> [Task to carry out]:
Nothing but an exact copy is asked for: the lines in the material below from the one with "Lenovo Ideapad MIIX" through the one with "SAFAVIEH Berber Shag", pictures excluded.

> [Record excerpts]:
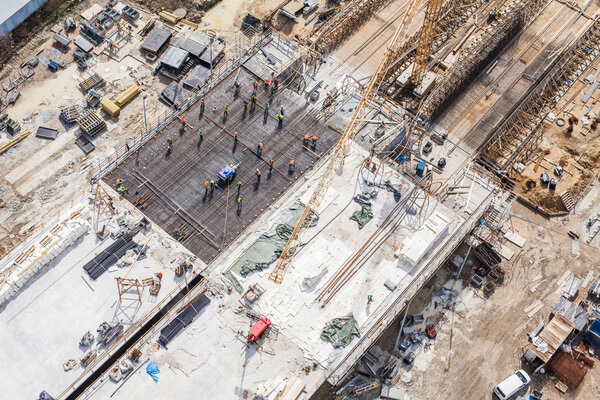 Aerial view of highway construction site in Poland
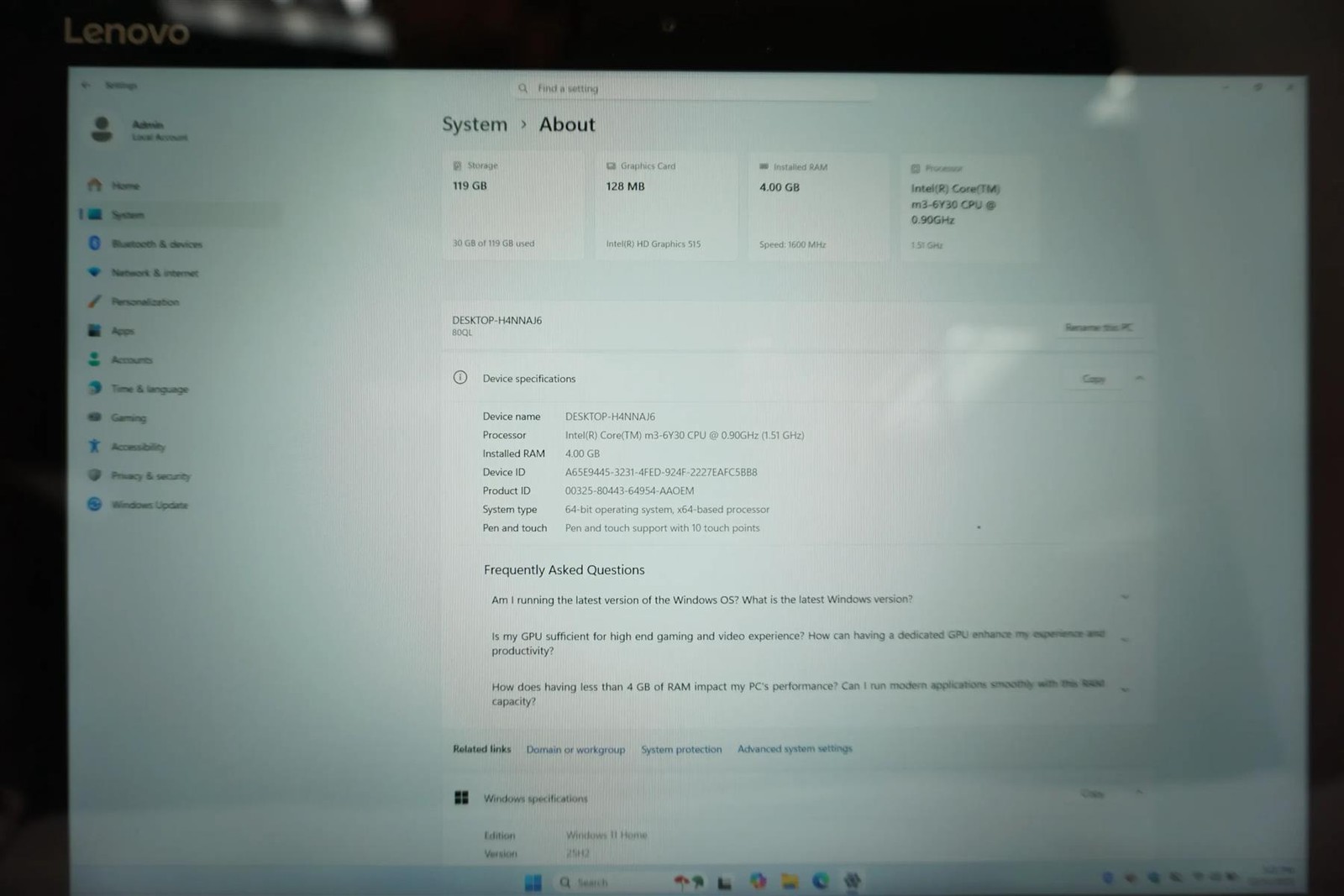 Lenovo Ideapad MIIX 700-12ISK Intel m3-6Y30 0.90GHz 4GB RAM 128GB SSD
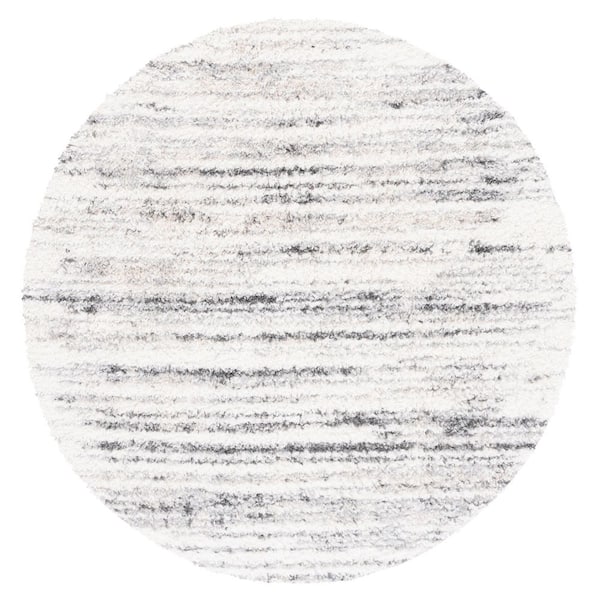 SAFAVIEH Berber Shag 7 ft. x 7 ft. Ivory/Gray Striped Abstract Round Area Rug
--
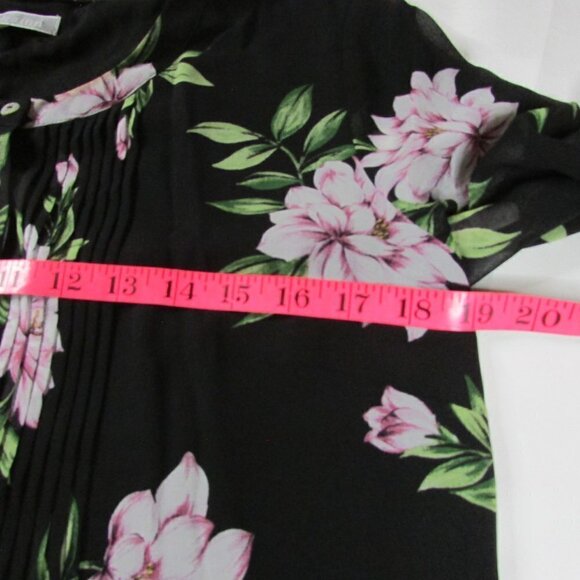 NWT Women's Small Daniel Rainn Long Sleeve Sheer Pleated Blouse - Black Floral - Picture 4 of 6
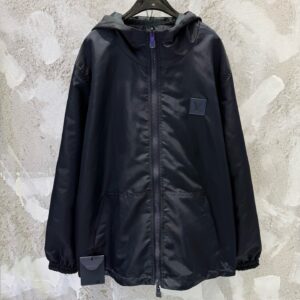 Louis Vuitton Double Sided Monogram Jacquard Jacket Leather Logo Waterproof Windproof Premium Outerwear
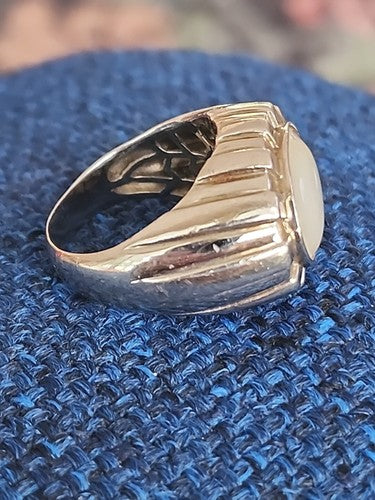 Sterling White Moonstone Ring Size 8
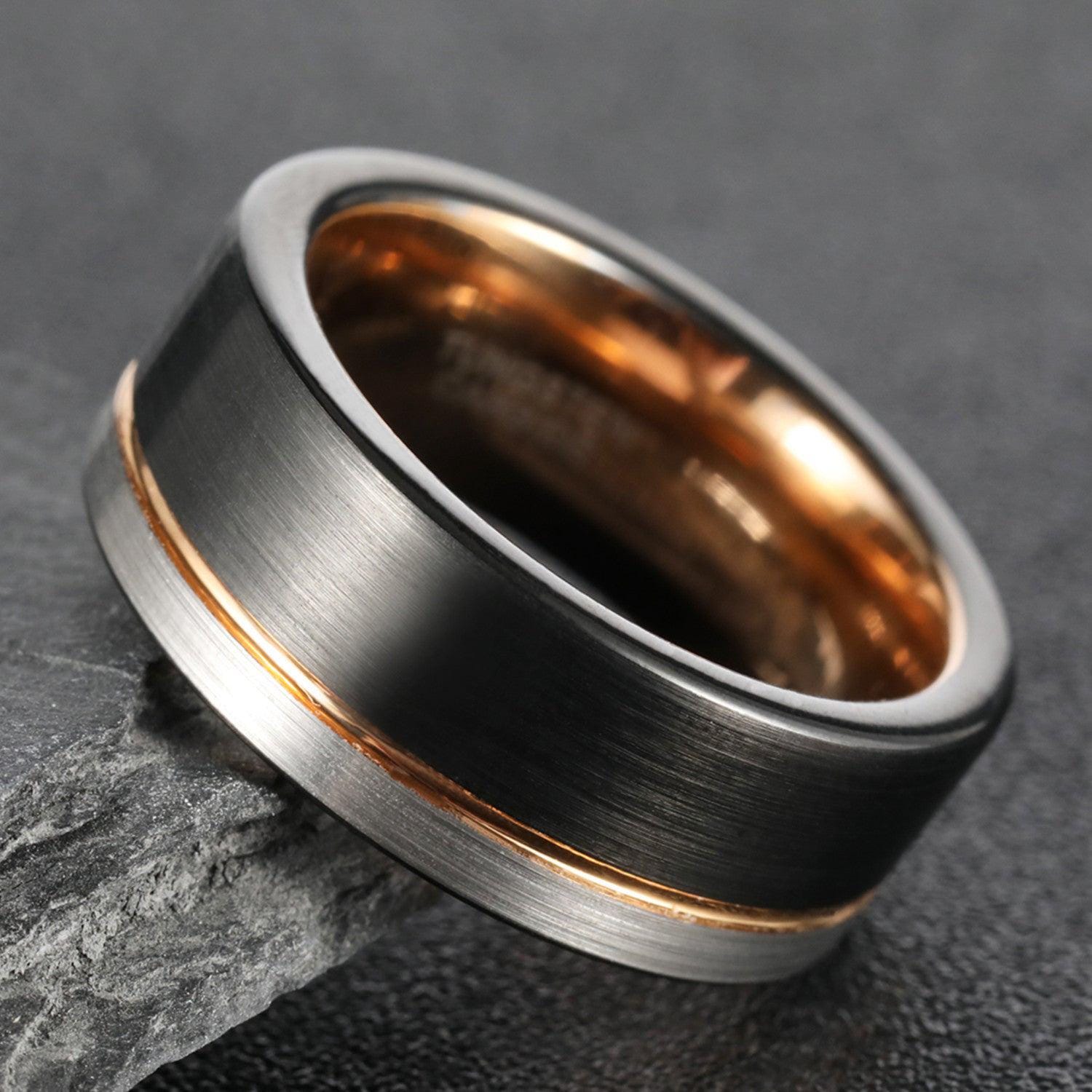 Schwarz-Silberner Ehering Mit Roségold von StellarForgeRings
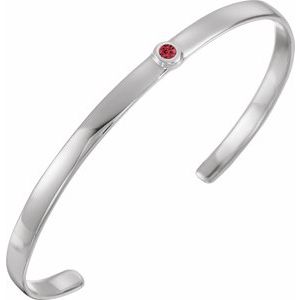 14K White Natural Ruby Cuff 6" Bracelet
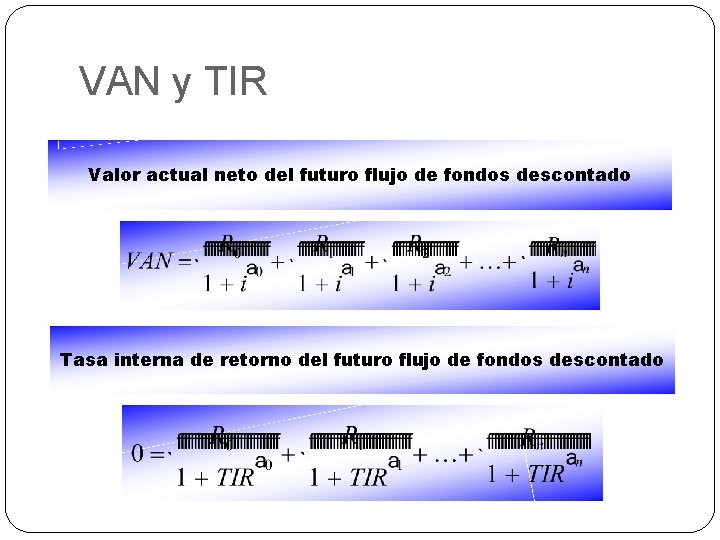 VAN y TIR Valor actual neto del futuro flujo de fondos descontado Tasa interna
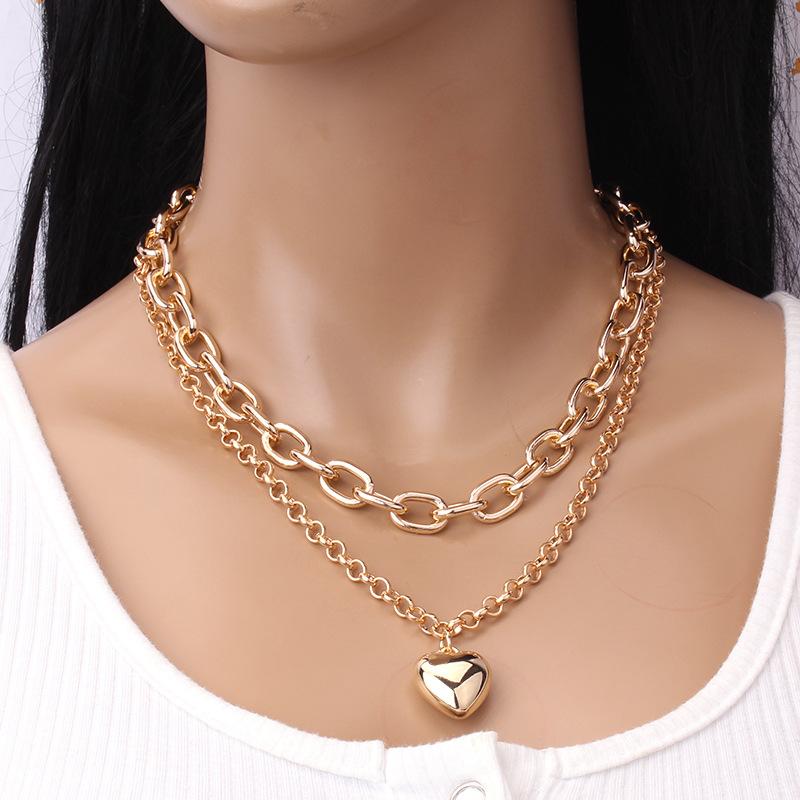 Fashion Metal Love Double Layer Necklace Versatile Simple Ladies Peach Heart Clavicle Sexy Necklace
---
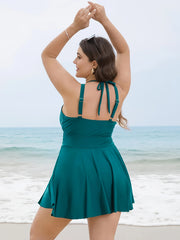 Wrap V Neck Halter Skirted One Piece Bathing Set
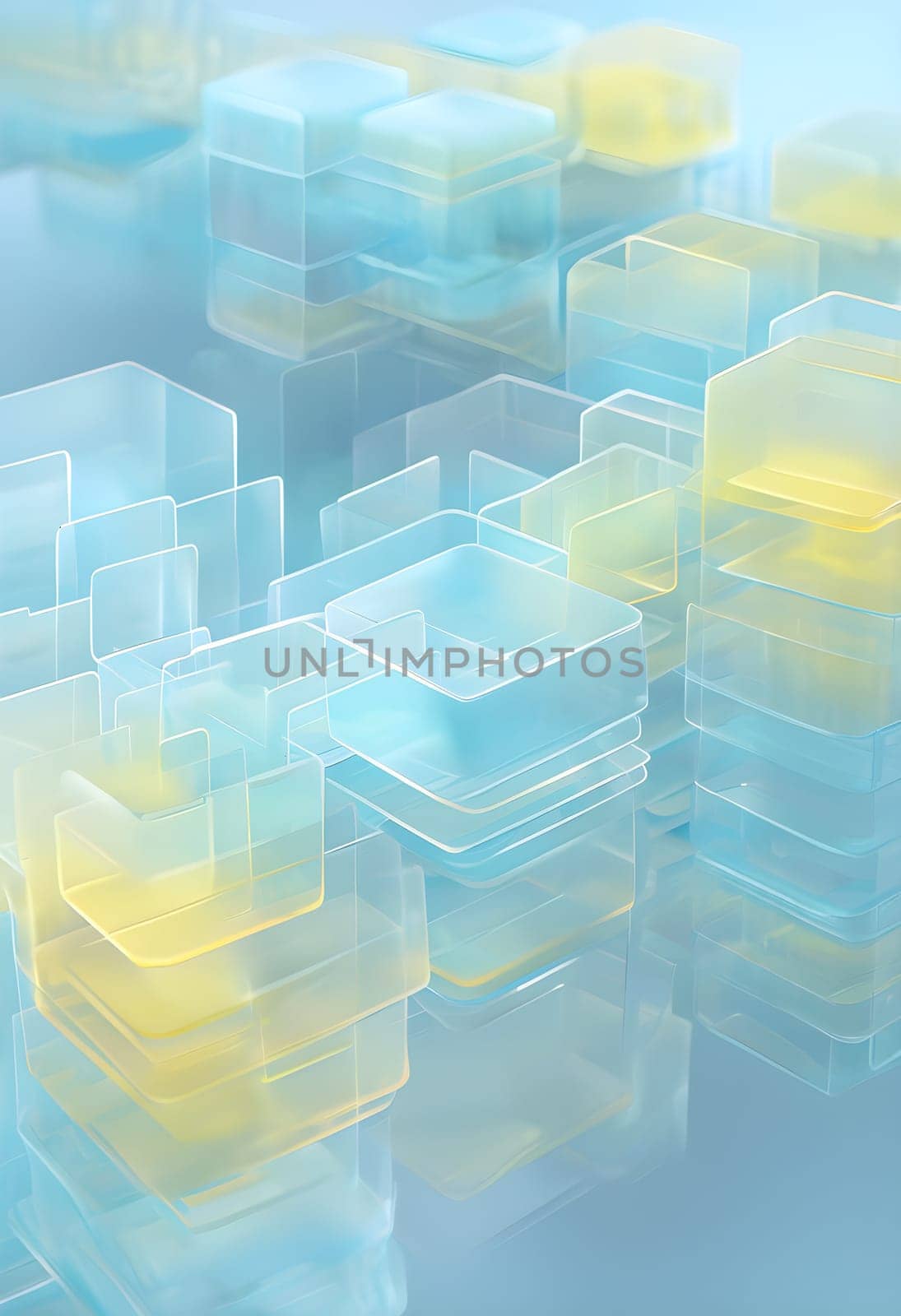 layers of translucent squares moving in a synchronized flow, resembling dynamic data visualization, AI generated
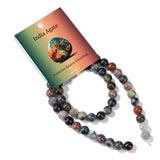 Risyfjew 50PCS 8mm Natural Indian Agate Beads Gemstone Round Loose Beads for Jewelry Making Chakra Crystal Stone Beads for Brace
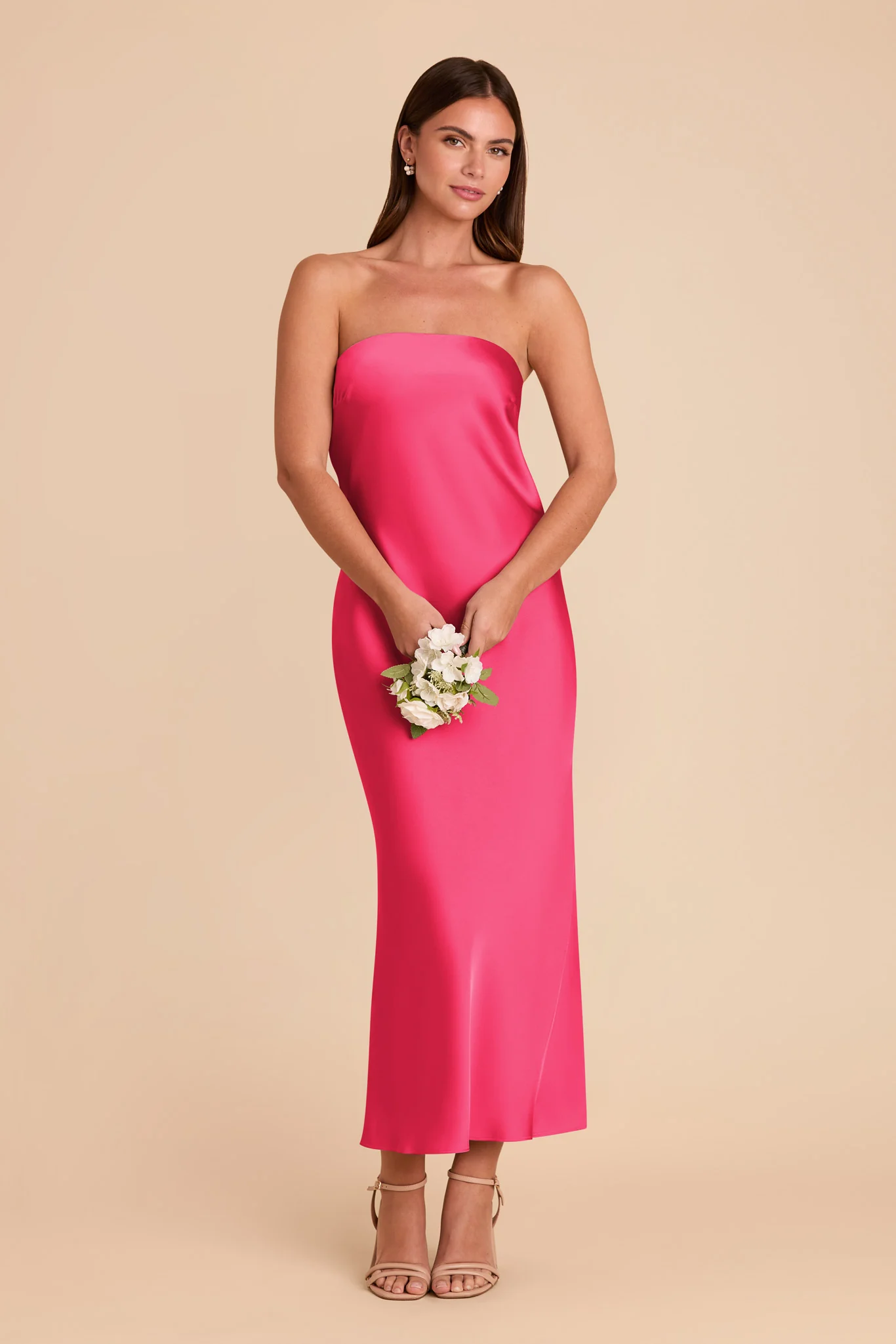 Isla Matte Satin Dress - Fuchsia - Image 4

> [Result for this task]:
 Lenovo Ideapad MIIX 700-12ISK Intel m3-6Y30 0.90GHz 4GB RAM 128GB SSD
 SAFAVIEH Berber Shag 7 ft. x 7 ft. Ivory/Gray Striped Abstract Round Area Rug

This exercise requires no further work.